Complete step by step solution:
Let us solve this question.
In this question, we have asked to find the line which passes through the points (-1,3) and (2,-3)
Using the formula of gradient \[m=\dfrac{{{y}_{1}}-{{y}_{2}}}{{{x}_{1}}-{{x}_{2}}}\], where m is the gradient or slope of line and \[\left( {{x}_{1}},{{y}_{1}} \right)\] and \[\left( {{x}_{2}},{{y}_{2}} \right)\] the points on the straight line.
So, the slope or the gradient of the line whose points are (-1,3) and (2,-3) will be
\[m=\dfrac{3-\left( -3 \right)}{\left( -1 \right)-2}=\dfrac{3+3}{-1-2}=\dfrac{6}{-3}=-2\]
Hence, we get that the slope of the line whose equation we have to find is -2.
Now, we will use the point slope form of a straight line to find the equation of the straight line.
The point slope form of a straight line says that if the slope of a line is given as ‘m’ and a point is also given on the line as \[\left( {{x}_{1}},{{y}_{1}} \right)\], then the equation of line will be
\[y-{{y}_{1}}=m\left( x-{{x}_{1}} \right)\]
So, after putting the point \[\left( {{x}_{1}},{{y}_{1}} \right)\] as (-1,3) and putting the value of m as -2 that we have found above, we can write the above equation as
\[\Rightarrow y-3=\left( -2 \right)\left( x-\left( -1 \right) \right)\]
The above equation can also be written as
\[\Rightarrow y-3=\left( -2 \right)\left( x+1 \right)\]
The above equation can also be written as
\[\Rightarrow y-3=-2x-2\]
The above equation can also be written as
\[\Rightarrow 2x+y-1=0\]
Hence, we have found the equation of line that passes through the points (-1,3), (2,-3).

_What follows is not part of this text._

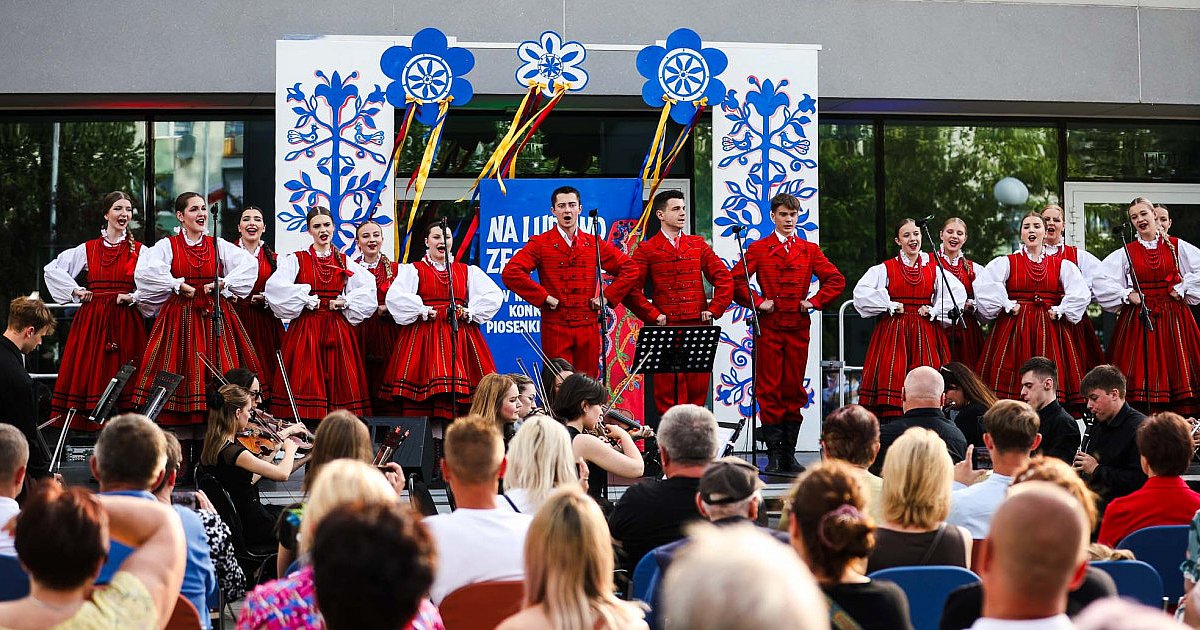 Na ludowo w plenerze! Niedziela z folklorem [FOTO] - HEJ.MIELEC.PL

The equation we have found is \[2x+y-1=0\].
We can take reference from the following figure.
seo images

In the above figure, we can see that the line 2x+y-1=0 is passing through the points (-1,3) and (2,-3).
We can write this equation also in the form as
\[\Rightarrow y=-2x+1\]
\[\Rightarrow y-1=-2x\]
This form of line is slope intercept form, where the line is passing through the y-axis cutting it at y=1 and the slope is -2.

Note:
We should have a better knowledge in the topic of straight line to solve this type of questions easily. We can solve this question using an alternate method also.
For solving this question using an alternate method, we will first see the formula for finding the equation of line using two points on the line.
The formula for the equation is \[\dfrac{y-{{y}_{1}}}{x-{{x}_{1}}}=\dfrac{{{y}_{1}}-{{y}_{2}}}{{{x}_{1}}-{{x}_{2}}}\], where \[\left( {{x}_{1}},{{y}_{1}} \right)\] and \[\left( {{x}_{2}},{{y}_{2}} \right)\] the points on the straight line.
So, we have given points as (-1,3) and (2,-3) which pass through the line.
Hence, the equation of line is
\[\dfrac{y-3}{x-\left( -1 \right)}=\dfrac{3-\left( -3 \right)}{\left( -1 \right)-2}\]
The above equation can also be written as
\[\Rightarrow \dfrac{y-3}{x+1}=\dfrac{3+3}{-1-2}\]
The above equation can also be written as
\[\Rightarrow \dfrac{y-3}{x+1}=\dfrac{6}{-3}\]
The above equation can also be written as
\[\Rightarrow \dfrac{y-3}{x+1}=-2\]
The above equation can also be written as
\[\Rightarrow y-3=-2\left( x+1 \right)\]
We can write the above equation as
\[\Rightarrow y-3=-2x-2\]
The above equation can also be written as
\[\Rightarrow 2x+y-1=0\]
We have got the same answer, so we can use this formula too to solve this type of question.